Internet Shakespeare Editions

Shakespeare in Quebec (8)

Shakespeare in Québec -- page 8

Re-making Le Grand Will

The difficult process of performing Shakespeare in today's Québec is enacted in the 1996 Le Making of de Macbeth, created by the bilingual company Pigeons International. Le Making is about an attempt to - and ultimately the decision not to -- produce Shakespeare's play. It glances at Michel Garneau's 1978 translation of Macbeth into Québécois, Robert Lepage's 1992/93 staging of that translation, and the contemporary cultural environment. As Denis Salter has written, it raises the question of "whether contemporary artists can find ways to speak in many languages and performance modes not for Shakespeare but through him in order to assert their own politics of location" (67).

The play's protagonist is the director, Elizabeth, whose name and character resonate with those of Elizabeth I, and the play juxtaposes the challenge to her authority and artistic creativity with her fear of blood and the possibility of her own pregnancy. However, while Garneau's Macbeth in 1978 implied a Québec that had a coherent cultural, and possibly national, identity, Le Making of de Macbeth insists on the multiplicity of voices, accents, experiences, and performance practices that are part of doing theatre today in Québec. The play's title, for example, whose stumbling redundancy that doubles back on itself suggests a speech impediment, points to the difficulty of finding a language into which to render Shakespeare in a Québec where for many the native language is neither English nor French in an officially francophone milieu, and the play displays, in multiple ways, the difficulty of arriving at a coherent and consensual reading of Shakespeare.

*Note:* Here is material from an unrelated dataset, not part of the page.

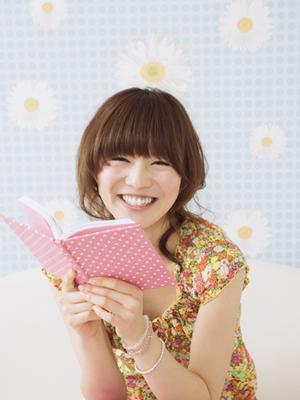 黒崎で賢く痩身に挑戦していくために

This difficulty, however, has not inhibited a continual engagement with and interrogation of Shakespeare in québécois terms. The relationship of francophone Québec to Shakespeare is perhaps best expressed in the phrase which is often used to describe him: Le grand Will. Shakespeare is asserted to be great. But not so great that William can't be cut down to size. There is intimacy and affection in the shortened name, but also a refusal of the formal conventions of respect. Québécois Shakespeare, as we have seen, has repeatedly been characterized by its freedom, playfulness, audacity, and its insistence on its own politics of location.